The quiet, motorized e-bikes can go quite fast—even without pedaling on many models—sometimes startling hikers, joggers, dog-walkers and horseback riders. Trail managers often field complaints from people who were surprised by e-bikes passing or bearing down on them from behind.

“I’ve been shoved off the path by people coming down the trail at me at ungodly speeds,” said Jim Hearn, who heads an advisory committee governing the use of the Enola Low Grade Rail Trail in Lancaster County, Penn. “They are not pedaling at all. They’re basically dirt-biking on the trail.”

But others point out that, on a smooth, flat trail, conventional multi-geared bicycles can easily and just as quietly zip along at 20-plus mph.

The growing popularity of e-bikes has triggered environmental concerns, too. E-bikes are generally heavier and often come with fat knobby tires, inviting concerns about damage and increased erosion on dirt trails. Some also worry that e-bikes will send people farther into the backcountry, spoiling the wilderness experience, if not the wilderness itself. Similarly, some fret that the popularity of e-bikes is leading to overcrowded trails.  
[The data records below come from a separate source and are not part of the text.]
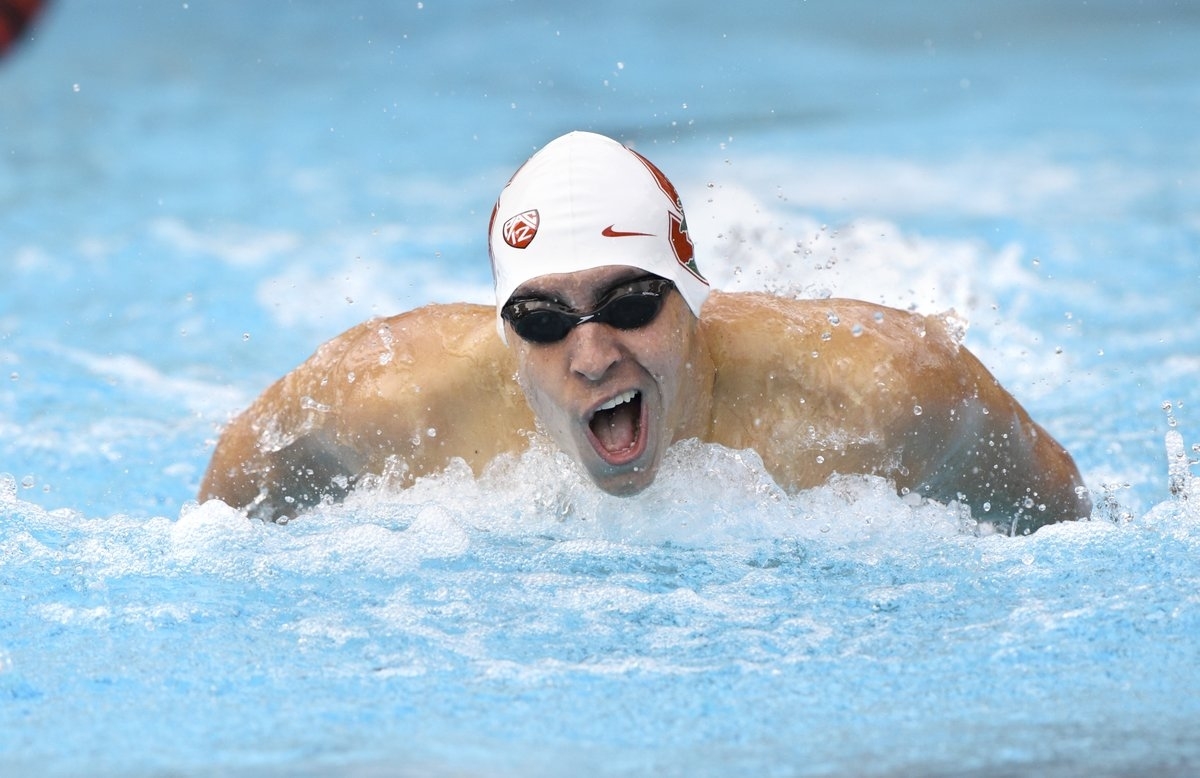 Long Yuan Gutiérrez se despide de Juegos Olímpicos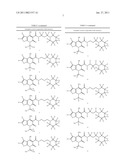 Deuterium-enriched pyridinonecarboxamides and derivatives diagram and image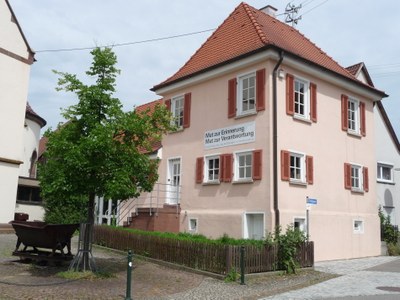  Heimatmuseum Bisingen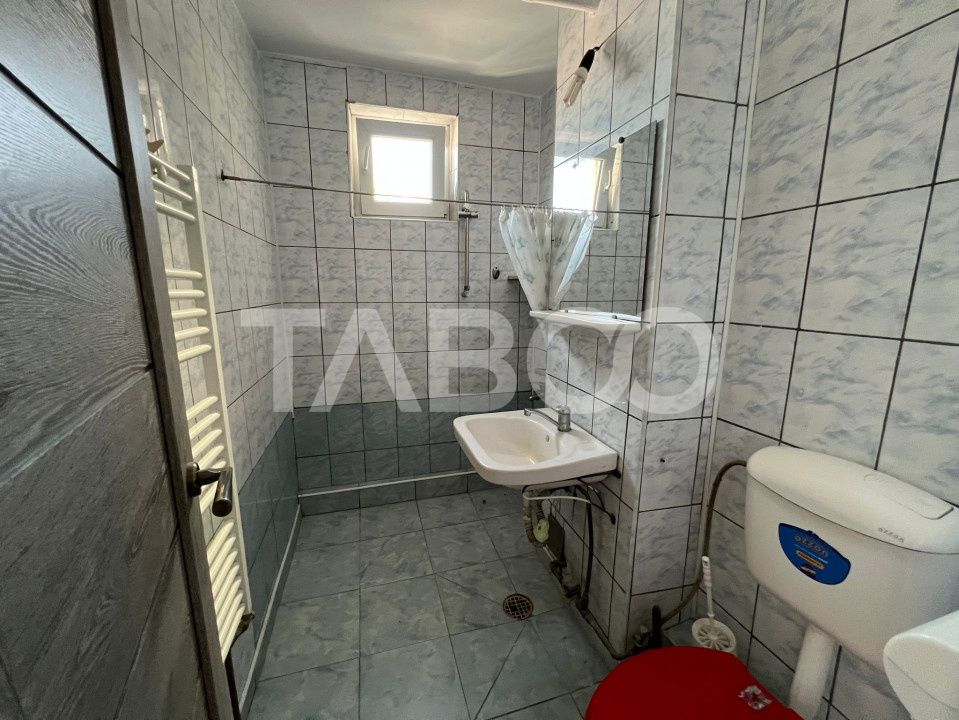 Apartament decomandat 2 camere etaj intermediar cu lift de vanzare – fotografia 4 din 4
All of this has public officials and land managers in the Chesapeake Bay region scrambling to determine whether e-bikes should be treated as motorized or nonmotorized vehicles and how best to blend them into trails already seeing record numbers of users. Early on, most managers waited to gauge how this new activity unfolded before setting rules. But the number of e-bikes showing up on trails and in parks has forced the hands of many.

E-bike regulations in Bay states vary widely, and many have already been modified from original guidelines. A popular 1,105-acre park in Lancaster County, Penn., bans e-bikes from mountain bike trails and roads.
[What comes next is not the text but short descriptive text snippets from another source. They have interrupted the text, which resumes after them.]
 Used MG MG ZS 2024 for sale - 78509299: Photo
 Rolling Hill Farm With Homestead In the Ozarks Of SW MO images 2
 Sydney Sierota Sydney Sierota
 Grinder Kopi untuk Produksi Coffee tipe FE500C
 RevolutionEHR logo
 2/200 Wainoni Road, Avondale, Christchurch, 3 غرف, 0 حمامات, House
Yet a heavily used rail-trail in the same county allows e-bikes without restrictions. “I guess [e-bike riders] have been respectful. We haven’t had any real issues,” said Ryan Strohecker, manager of the Manor Township Enola Low Grade Trail.

At first, the U.S. Forest Service ruled that e-bikes were motorized vehicles and prohibited them on trails in national forests, restricting them to roads and other routes open to motor vehicles. But in late 2022, the agency said it would make e-bikes a distinct category and allow officials in each national forest to determine usage rules.
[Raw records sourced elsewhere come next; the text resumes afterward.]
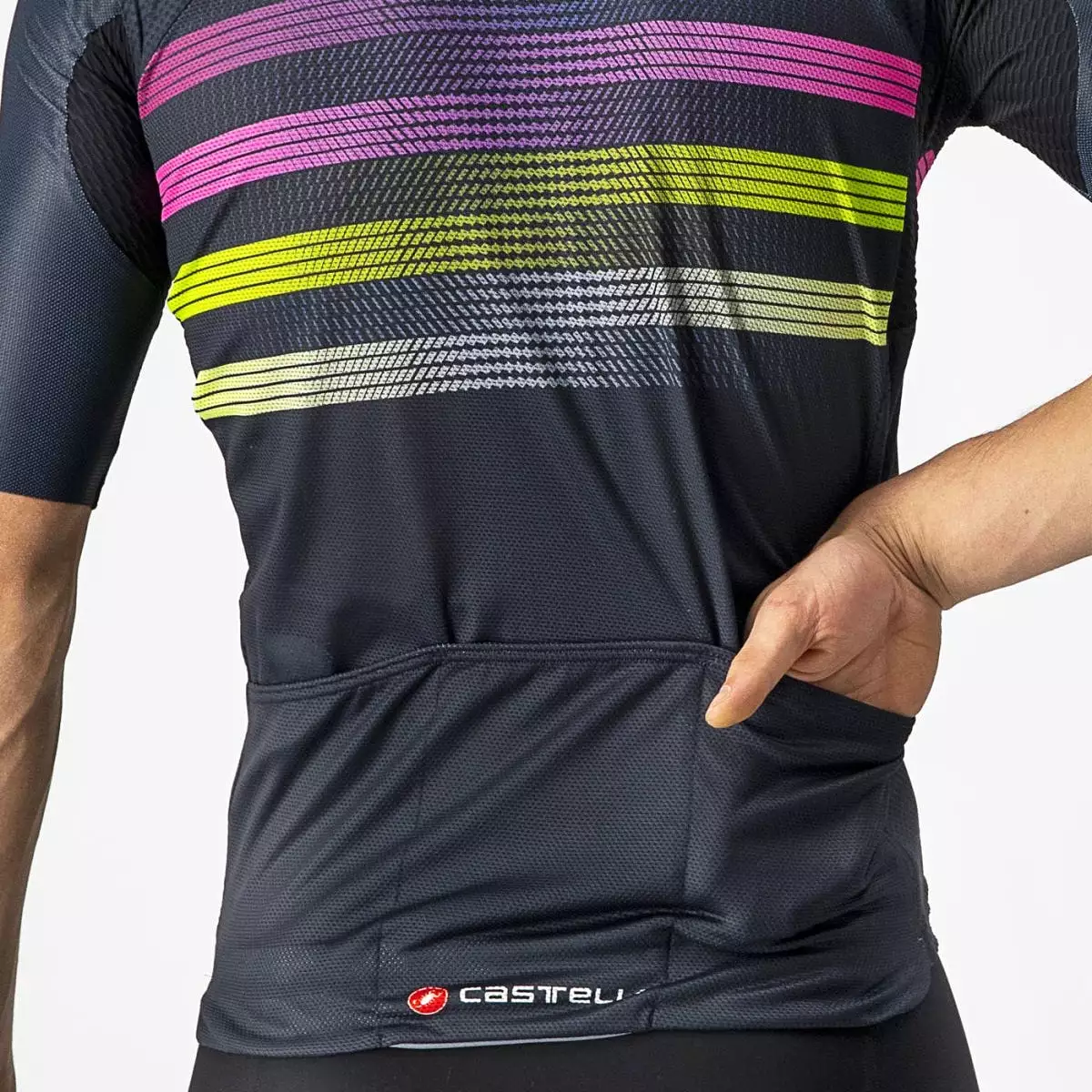 Endurance Pro Jersey Men's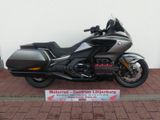 Honda GL1800 DCT Bagger - NEU BAGGER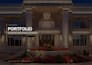 create architectural lighting design and night visualization renders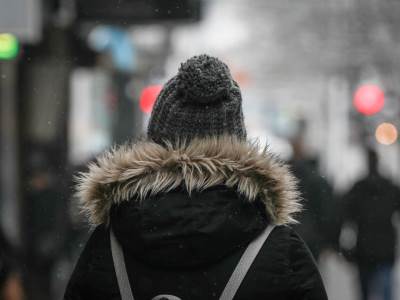  Osjetno zahlađenje od srijede 17. asprila 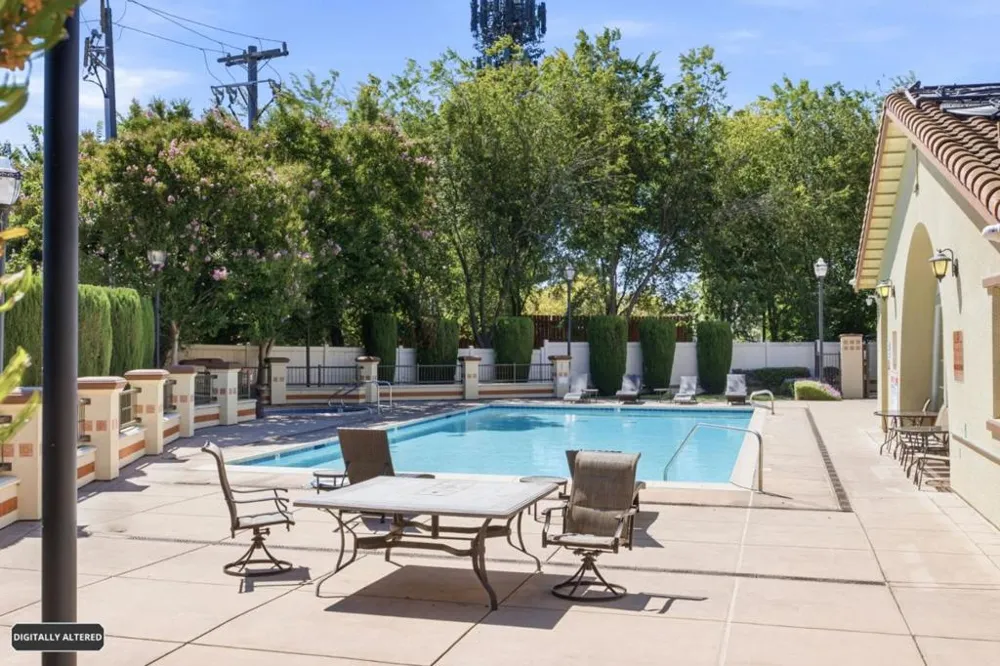 600 S Abel Street #505 Milpitas, CA 95035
The National Park Service in 2019 decided to allow e-bikes wherever conventional bikes were allowed on roads and on its 16,000 miles of single-track trails. But after a consortium of conservation groups sued, a federal judge in July 2022 ruled that the agency must invite public views and weigh effects on the environment, including wildlife, because those weren’t considered in setting the open-ended policy.

Maryland considers e-bikes the same as regular bicycles if the motors are no more powerful than 750 watts and can’t go faster than 28 mph. But e-bikes are prohibited, with some exceptions, on hiking and biking trails in state parks and forests. Exceptions include the Torrey C. Brown Rail Trail in Baltimore County and the Western Maryland Rail Trail, but in both cases e-bikers must be pedaling when motors are on and can’t use pedal assist at speeds of more than 20 mph.

In Virginia, e-bikes are regulated like regular bicycles, but cities, towns and state agencies can set their own rules. In state parks and wildlife management areas, e-bikes can be ridden wherever conventional bikes are allowed if they have a feature that cuts off the electric motor when their speed reaches 20 mph.

In and around Washington, D.C., e-bikes are prohibited on many park trails. Exceptions include the C&O Canal, Rock Creek Park Multi-Use Trail and the 18-mile paved Mount Vernon Trail.

To be sure, even those who want to limit e-bikes on trails acknowledge that the pedal-assisted bikes have provided a new lease on outdoors life for many.

One study found that riders of regular bicycles who purchased e-bikes rode nearly twice as much as before.